Atmo Hauts-de-France est une association de type « loi 1901 » agréée par le Ministère de la Transition Ecologique et Solidaire (décret 2007-397 du 22 mai 2007) au même titre que l’ensemble des structures chargées de la surveillance de la qualité de l’air, formant le réseau national ATMO. Ses missions s’exercent dans le cadre de la loi sur l’air du 30 décembre 1996. Atmo Hauts-de-France est agréée du 1er janvier au 31 décembre 2017 au titre de l’article L.221-3 du Code de l’environnement.

 

Objectif des mesures :

En 2016, dans le cadre de son programme de surveillance de la qualité de l’air, Atmo Hauts-de-France a réalisé une campagne de mesures sur la commune de Lille afin de surveiller et d’évaluer le comportement des pesticides dans l’air, ainsi que l’exposition d’une grande partie de la population régionale.

 

Lieu des mesures : Depuis 2013, la surveillance des pesticides s’effectue au niveau de la station fixe située dans le quartier de Lille Fives.

 

Période des mesures : La période de mesure s’étend du 6 avril au 29 septembre 2016, avec des prélèvements hebdomadaires répartis sur 25 semaines.

 

Polluants mesurés : 64 substances actives.

 

Résultats : Globalement, l’année 2016 a été marquée par des conditions météorologiques ayant conditionné la hausse des concentrations totales en pesticides dans l’air ambiant de l’agglomération lilloise. Si les températures hivernales ont été douces et les sols saturés par les précipitations excédentaires, sur les mois de janvier et de février, il s’en est suivi un printemps plutôt frais et sec avec des précipitations conformes à la normale, qui ont favorisé le développement des adventices et des maladies cryptogamiques.

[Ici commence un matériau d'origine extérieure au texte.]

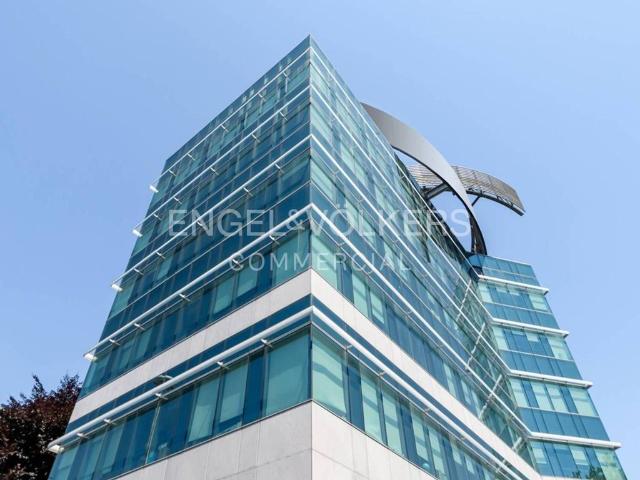 Locale Commerciale in affitto a Municipio 8 di Milano, Milano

Les mois estivaux ont finalement été chauds et secs, favorisant le développement des insectes et limitant celui des champignons.

L’ensemble de ces conditions a impacté le développement d’herbes, d’insectes et de champignons ainsi que l’emploi de pesticides.

Comme chaque année depuis 2003, les concentrations les plus importantes sont observées au printemps et en particulier au mois de mai 2016. Si les concentrations annuelles restent du même ordre de grandeur que celles mesurées lors des années précédentes, elles sont cependant en légère hausse par rapport à 2015.

• Les insecticides sont présents sur l’ensemble de la période de mesure, avec des teneurs maximales en juillet.

• Les herbicides ont été majoritairement détectés au cours du printemps, sur le mois de mai en particulier.

• Les fongicides sont quant à eux présents dans tous les échantillons d’avril à septembre.

La présence des substances dans l’atmosphère peut, pour certaines molécules, être corrélée aux pratiques agricoles communiquées par la Chambre d’Agriculture Hauts-de-France ou le BSV (Bulletin de Santé du Végétal), ou à une rémanence, ou encore à une utilisation par des particuliers.

Conclusion : ce qu’il faut retenir !

Pour l’heure, les pesticides dans l’air ne sont toujours pas réglementés.

25 prélèvements réalisés du 6 avril au 29 septembre 2016 (résultats hebdomadaires d’avril à juillet et mensuels en août et septembre).

17 substances détectées en 2016 sur les 64 molécules recherchées :

  • 3 substances sans autorisations de mise sur le marché,
  • 14 molécules pourvues d’une autorisation.

Les pesticides les plus présents dans l’air sont caractéristiques des cultures du Nord et du Pas-de-Calais : céréales, betteraves et pommes de terre.